Introduction To Static Equilibrium?

[Briana]

Learning Goal: To understand the conditions necessary for static equilibrium.

Look around you, and you see a world at rest. The monitor, desk, and chair—and the building that contains them—are in a state described as static equilibrium. Indeed, it is the fundamental objective of many branches of engineering to maintain this state in spite of the presence of obvious forces imposed by gravity and static loads or the more unpredictable forces from wind and earthquakes.

The condition of static equilibrium is equivalent to the statement that the bodies involved have neither linear nor angular acceleration. Hence static mechanical equilibrium (as opposed to thermal or electrical equilibrium) requires that the forces acting on a body simultaneously satisfy two conditions:

\sum \vec{F} = 0 and \sum \vec{\tau}=0;
that is, both external forces and torques sum to zero. You have the freedom to choose any point as the origin about which to take torques.

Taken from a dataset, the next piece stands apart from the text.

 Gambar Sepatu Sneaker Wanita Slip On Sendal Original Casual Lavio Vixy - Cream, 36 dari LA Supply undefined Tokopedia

Each of these equations is a vector equation, so each represents three independent equations for a total of six. Thus to keep a table static requires not only that it neither slides across the floor nor lifts off from it, but also that it doesn't tilt about either the x or y axis, nor can it rotate about its vertical axis.

http://session.masteringphysics.com/problemAsset/1007460/27/55544.jpg

Part A

Frequently, attention in an equilibrium situation is confined to a plane. An example would be a ladder leaning against a wall, which is in danger of slipping only in the plane perpendicular to the ground and wall. By orienting a Cartesian coordinate system so that the x and y axes are in this plane, choose which of the following sets of quantities must be zero to maintain static equilibrium in this plane.

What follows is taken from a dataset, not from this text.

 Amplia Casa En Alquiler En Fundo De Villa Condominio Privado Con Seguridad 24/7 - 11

/sigmaFx and /sigmaT_z and /sigmaF_y

Part B

As an example, consider the case of a board of length L and negligible mass. Take the x axis to be the horizontal axis along the board and the y axis to be the vertical axis perpendicular to the board. A mass of weight W is strapped to the board a distance x from the left-hand end. This is a static equilibrium problem, and a good first step is to write down the equation for the sum of all the forces in the y direction since the only nonzero forces of \sum \vec{F}=0 that exist are in the y direction.

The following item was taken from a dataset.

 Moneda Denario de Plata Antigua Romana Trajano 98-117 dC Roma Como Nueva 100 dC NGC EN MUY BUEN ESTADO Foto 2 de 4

What is \sum {F}_y? Your equation for the net force in the y direction on the board should contain all the forces acting vertically on the board.
Express your answer in terms of the weight W and the tensions in the two vertical ropes at the left and right ends T_L and T_R. Recall that positive forces point upward.

/sumF_y=0=T_L+T_R-W


The only relevant component of the torques is the z component; however, you must choose your pivot point before writing the equations. This point could be anywhere; in fact, the pivot point does not even have to be at a point on the body. You should choose this point to your advantage. Generally, the best place to locate the pivot point is where some unknown force acts; this will eliminate that force from the resulting torque equation

Part C



What is the equation that results from choosing the pivot point to be the point from which the mass hangs (where W acts)?
Express your answer in terms of the unknown quantities T_L and T_R and the known lengths x and L. Recall that counterclockwise torque is positive.

\sumTw_1z=0=-TL_x+(T_r)(L-x)

Part D



What is the equation that results from choosing the pivot point to be the left end of the plank (where T_L acts)?
Express your answer in terms of T_L, T_R, W, and the dimensions L and x. Not all of these variables may show up in the solution.

/sumTL_1z=0=-W(x)+T_rL

Part E

What is the equation that results from choosing the pivot point to be the right end of the plank (where T_R acts)?
Express your answer in terms of T_L, T_R, W, and the dimensions L and x. Not all of these variables may show up in the solution.

/sumR_1z=0=-T_LL+W(L-x)

_______________________________________________

Now these are the parts I don't understand...

Part F

Solve for T_R, the tension in the right rope.
Express your answer in terms of W and the dimensions L and x. Not all of these variables may show up in the solution.

T_R=????

Part G

Solve for T_L, the tension in the left rope.
Express your answer in terms of W and the dimensions L and x. Not all of these variables may show up in the solution.

T_L=?

Thanks!!!!!!!!!!!!

[debydete]

F) To find T_R just use the net torque eq. you wrote in part D;

T_RL - Wx = 0

T_R = W(x/L)

G) To find T_L use the net torque eq. you wrote in part E;

-T_LL + W(L-x) = 0

T_L = W[(L-x)/L]

You can check these by substituting in the Sum of Force = 0 eq you wrote in part B;

T_L + T_R - W = W[(L-x)/L] + W(x/L) - W
= W{1 - x/L + x/L -1}
= 0
It is indeed zero so you can have confidence in the solutions for T_R & T_L.